Ona jest stąd, z Podłęża. On z niedaleka, bo z Krakowa. Beata i Maciek poznali się w miejscu oddalonym o kilka tysięcy kilometrów – w Wielkiej Brytanii. W 2007 r. wrócili do Polski z olbrzymią potrzebą działania. Zafascynowani filmem Cinema Paradiso, zorganizowali pierwszą jego projekcję w kinie plenerowym. Postarali się o największy możliwy ekran, 16 × 9 m, nagłośnienie. Na projekcję przyszło 12 osób, w tym 8 znajomych. Ale wcale nie uznali tego za porażkę. Działali dalej, nawiązując coraz więcej kontaktów z okolicznymi instytucjami, władzami i przede wszystkim mieszkańcami. Nazywają to Czas BezDomu Kultury. Działali, organizując małe koncerty, spotkania, warsztaty gościnne tam, gdzie ktoś otworzył przed nimi swoje drzwi.
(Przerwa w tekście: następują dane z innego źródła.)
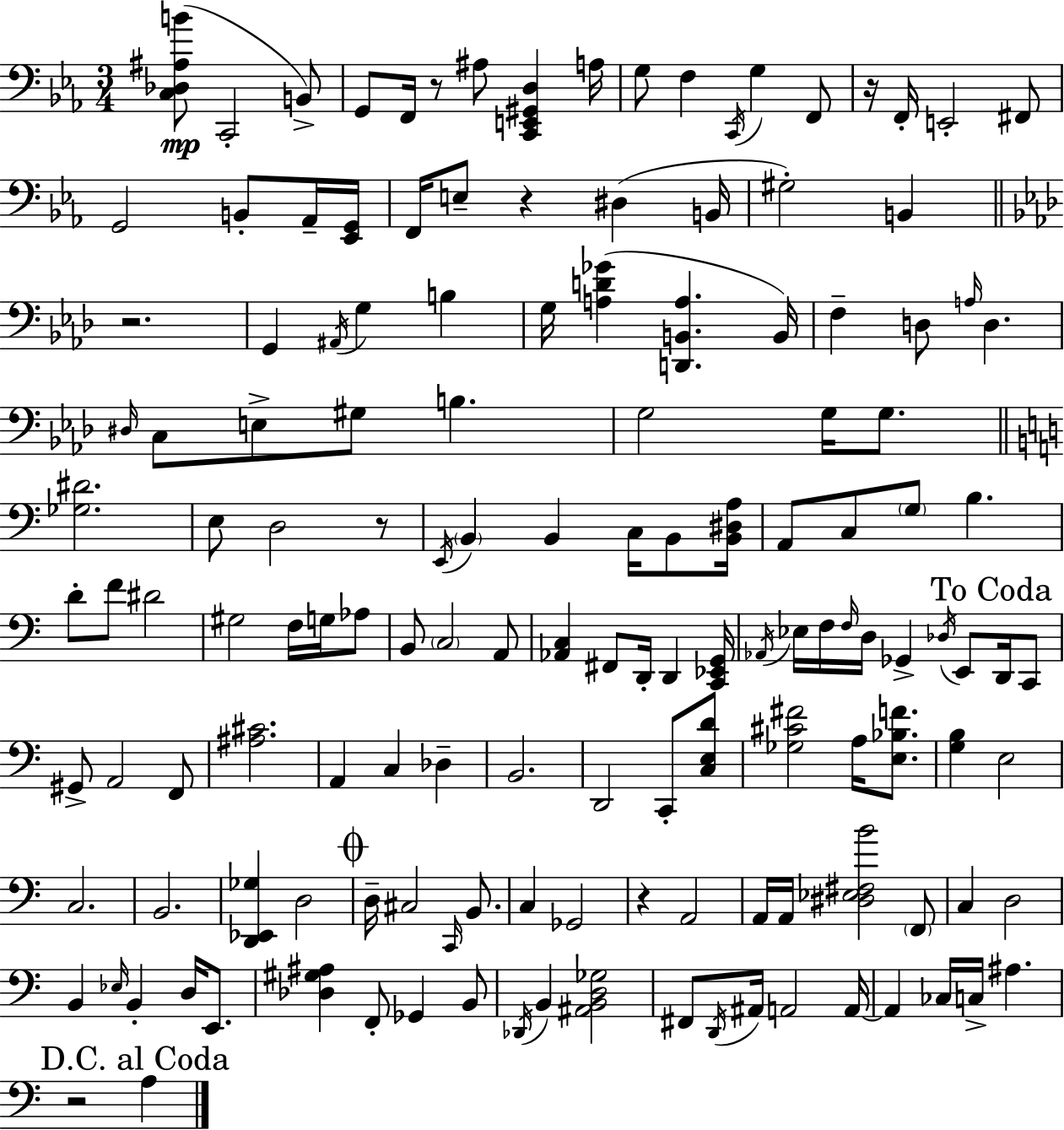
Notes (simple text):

[C3,Db3,A#3,B4]/e C2/h B2/e G2/e F2/s R/e A#3/e [C2,E2,G#2,D3]/q A3/s G3/e F3/q C2/s G3/q F2/e R/s F2/s E2/h F#2/e G2/h B2/e Ab2/s [Eb2,G2]/s F2/s E3/e R/q D#3/q B2/s G#3/h B2/q R/h. G2/q A#2/s G3/q B3/q G3/s [A3,D4,Gb4]/q [D2,B2,A3]/q. B2/s F3/q D3/e A3/s D3/q. D#3/s C3/e E3/e G#3/e B3/q. G3/h G3/s G3/e. [Gb3,D#4]/h. E3/e D3/h R/e E2/s B2/q B2/q C3/s B2/e [B2,D#3,A3]/s A2/e C3/e G3/e B3/q. D4/e F4/e D#4/h G#3/h F3/s G3/s Ab3/e B2/e C3/h A2/e [Ab2,C3]/q F#2/e D2/s D2/q [C2,Eb2,G2]/s Ab2/s Eb3/s F3/s F3/s D3/s Gb2/q Db3/s E2/e D2/s C2/e G#2/e A2/h F2/e [A#3,C#4]/h. A2/q C3/q Db3/q B2/h. D2/h C2/e [C3,E3,D4]/e [Gb3,C#4,F#4]/h A3/s [E3,Bb3,F4]/e. [G3,B3]/q E3/h C3/h. B2/h. [D2,Eb2,Gb3]/q D3/h D3/s C#3/h C2/s B2/e. C3/q Gb2/h R/q A2/h A2/s A2/s [D#3,Eb3,F#3,B4]/h F2/e C3/q D3/h B2/q Eb3/s B2/q D3/s E2/e. [Db3,G#3,A#3]/q F2/e Gb2/q B2/e Db2/s B2/q [A#2,B2,D3,Gb3]/h F#2/e D2/s A#2/s A2/h A2/s A2/q CES3/s C3/s A#3/q. R/h A3/q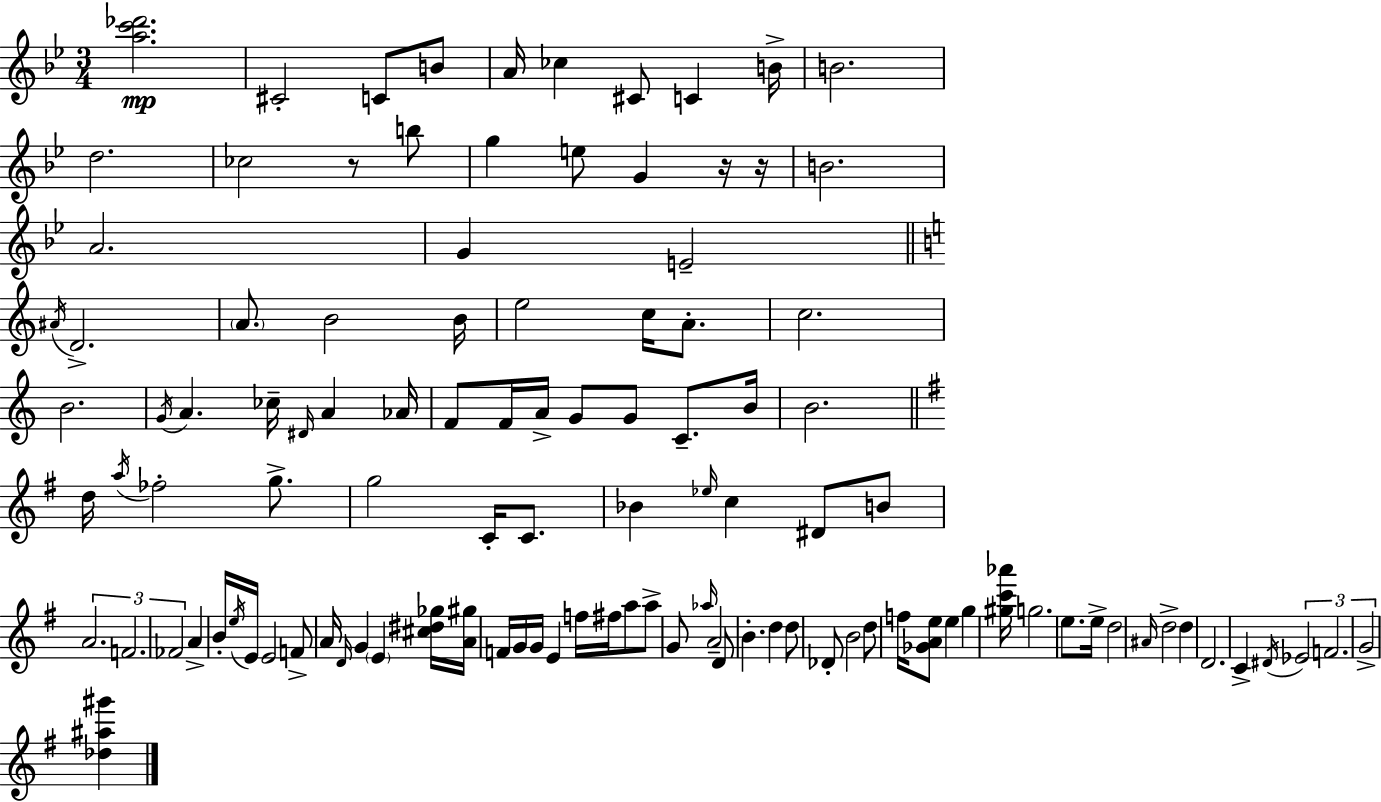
{
  \clef treble
  \numericTimeSignature
  \time 3/4
  \key bes \major
  <a'' c''' des'''>2.\mp | cis'2-. c'8 b'8 | a'16 ces''4 cis'8 c'4 b'16-> | b'2. | \break d''2. | ces''2 r8 b''8 | g''4 e''8 g'4 r16 r16 | b'2. | \break a'2. | g'4 e'2-- | \bar "||" \break \key c \major \acciaccatura { ais'16 } d'2.-> | \parenthesize a'8. b'2 | b'16 e''2 c''16 a'8.-. | c''2. | \break b'2. | \acciaccatura { g'16 } a'4. ces''16-- \grace { dis'16 } a'4 | aes'16 f'8 f'16 a'16-> g'8 g'8 c'8.-- | b'16 b'2. | \break \bar "||" \break \key g \major d''16 \acciaccatura { a''16 } fes''2-. g''8.-> | g''2 c'16-. c'8. | bes'4 \grace { ees''16 } c''4 dis'8 | b'8 \tuplet 3/2 { a'2. | \break f'2. | fes'2 } a'4-> | b'16-. \acciaccatura { e''16 } e'16 e'2 | f'8-> a'16 \grace { d'16 } g'4 \parenthesize e'4 | \break <cis'' dis'' ges''>16 <a' gis''>16 f'16 g'16 g'16 e'4 f''16 fis''16 | a''8 a''8-> g'8 \grace { aes''16 } a'2-- | d'8 b'4.-. d''4 | d''8 des'8-. b'2 | \break d''8 f''16 <ges' a' e''>8 e''4 | g''4 <gis'' c''' aes'''>16 g''2. | e''8. e''16-> d''2 | \grace { ais'16 } d''2-> | \break d''4 d'2. | c'4-> \acciaccatura { dis'16 } \tuplet 3/2 { ees'2 | f'2. | g'2-> } | \break <des'' ais'' gis'''>4 \bar "|."
}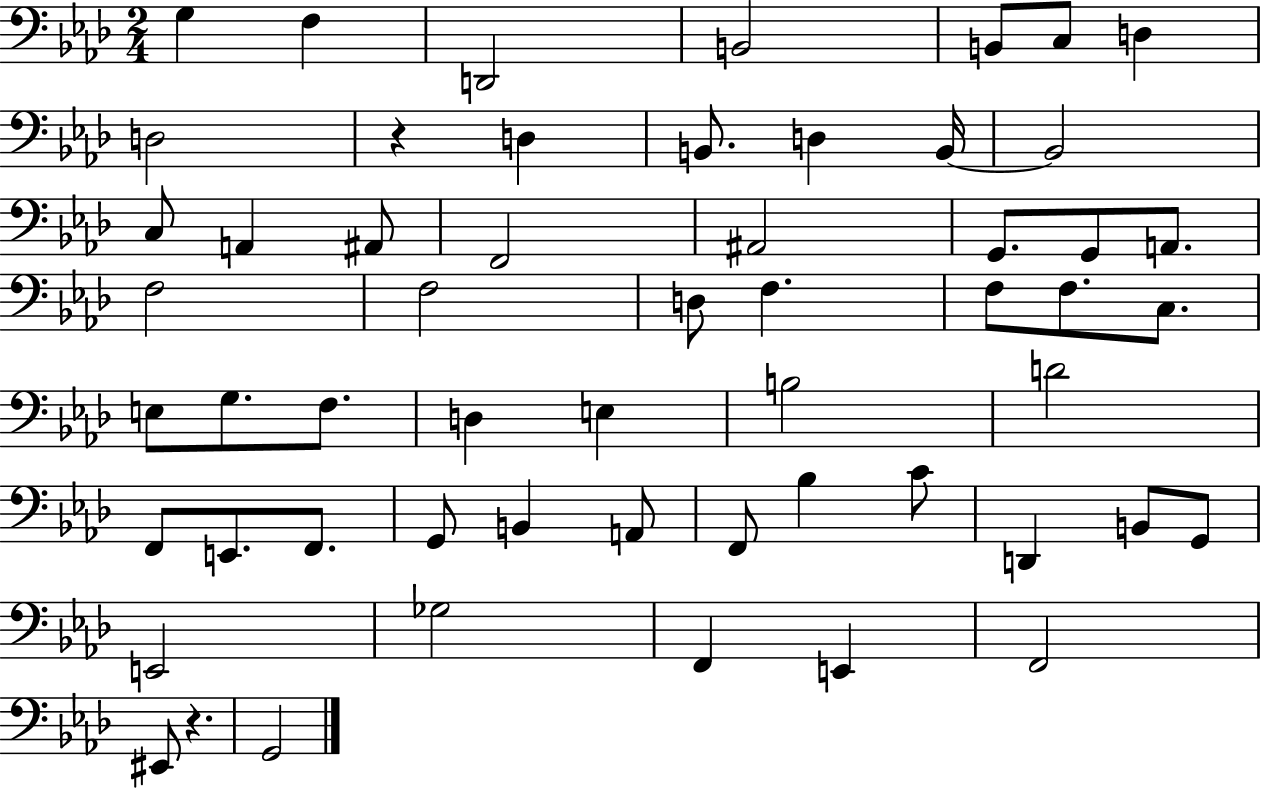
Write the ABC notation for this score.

X:1
T:Untitled
M:2/4
L:1/4
K:Ab
G, F, D,,2 B,,2 B,,/2 C,/2 D, D,2 z D, B,,/2 D, B,,/4 B,,2 C,/2 A,, ^A,,/2 F,,2 ^A,,2 G,,/2 G,,/2 A,,/2 F,2 F,2 D,/2 F, F,/2 F,/2 C,/2 E,/2 G,/2 F,/2 D, E, B,2 D2 F,,/2 E,,/2 F,,/2 G,,/2 B,, A,,/2 F,,/2 _B, C/2 D,, B,,/2 G,,/2 E,,2 _G,2 F,, E,, F,,2 ^E,,/2 z G,,2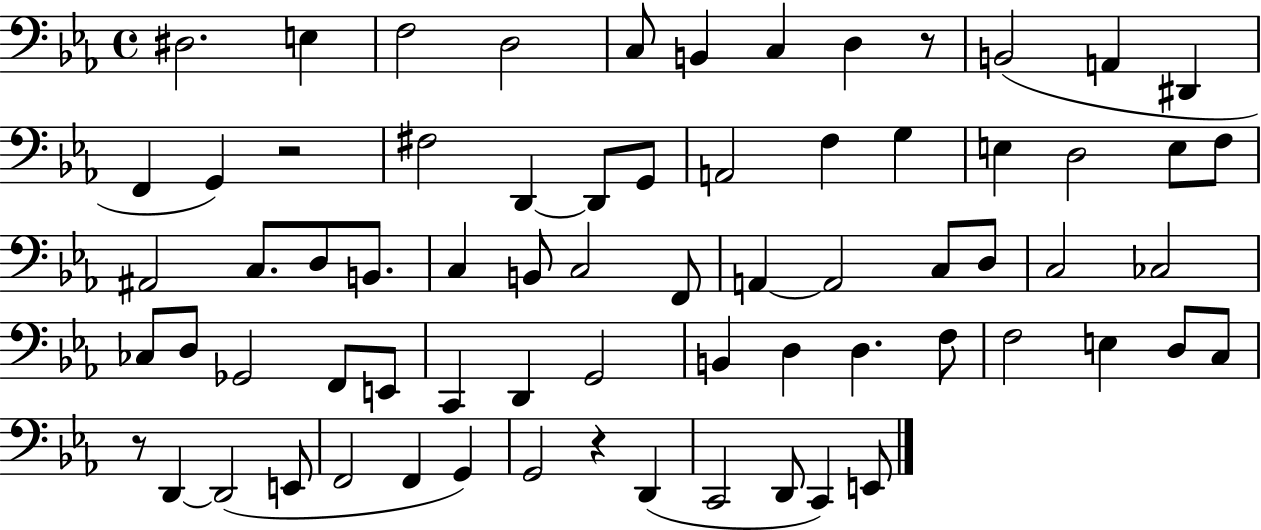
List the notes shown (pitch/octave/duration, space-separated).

D#3/h. E3/q F3/h D3/h C3/e B2/q C3/q D3/q R/e B2/h A2/q D#2/q F2/q G2/q R/h F#3/h D2/q D2/e G2/e A2/h F3/q G3/q E3/q D3/h E3/e F3/e A#2/h C3/e. D3/e B2/e. C3/q B2/e C3/h F2/e A2/q A2/h C3/e D3/e C3/h CES3/h CES3/e D3/e Gb2/h F2/e E2/e C2/q D2/q G2/h B2/q D3/q D3/q. F3/e F3/h E3/q D3/e C3/e R/e D2/q D2/h E2/e F2/h F2/q G2/q G2/h R/q D2/q C2/h D2/e C2/q E2/e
Zachwyceni inicjatywami ludzie pytali, gdzie na co dzień urzędują. Na stałe mieli tylko biuro w spiżarni rodziców Beaty. Działali tak dwa lata. W 2009 r., po wielu cotygodniowych spotkaniach z lokalnymi władzami, nastąpił przełom. Dostali do użytkowania budynek Gminnego Domu Kultury w Podłężu. Tym samym zostali pierwszą w Polsce organizacją pozarządową prowadzącą samorządowy dom kultury. W gorszą pogodę wiatr otwierał okna, ze ścian straszyła lamperia, a na wyposażeniu ostał się niedziałający komputer i jedno bardzo zmęczone pianino. Ale najważniejsze było dla nich to, że nareszcie mogli poczuć się u siebie. Postanowili zorganizować ogólnopolski konkurs architektoniczny Podziel Kwadrat na projekt wnętrza INSPIRO. Liczyli na propozycję aranżacji przestrzeni, która zaprasza, nikogo nie odrzuca, nie stwarza barier. Ze wspólnej pracy młodych architektów z doświadczonymi mentorami powstało na papierze coś, co Beata i Maciek zapragnęli jak najszybciej zrealizować. Tu pierwsza przeszkoda – do szybkiej realizacji potrzebny jest budżet remontowy, i to spory, którym nie dysponowali. Proces pozyskania funduszy obfitował w kilka zwrotów akcji: było zbieranie podpisów, wsparcie ludzi, kilka wyjazdów do Ministerstwa Kultury i Dziedzictwa Narodowego do Warszawy, a nawet próba przekonania osób decyzyjnych ciasteczkami przygotowanymi przez jedną z mam dzieci z INSPIRO. Po ostatniej, ponadtrzygodzinnej rozmowie, kiedy usłyszeli tylko słowa podziwu i uzyskali informację o braku możliwości wsparcia finansowego, wychodząc, powiedzieli: „Ministerstwo próbuje złapać nas za nogi. To nawet nie jest podcinanie skrzydeł, bo my skrzydła już mamy”. Kiedy już myśleli, że wszystkie sposoby zawiodły, zadzwonił telefon z dobrą wiadomością. Nie mogli uwierzyć, że jednak fundusze zostały im przyznane. Ale na wszelki wypadek oddzwonili do ministerstwa, żeby sprawdzić, czy ktoś nie robi sobie jednak z nich kiepskiego żartu.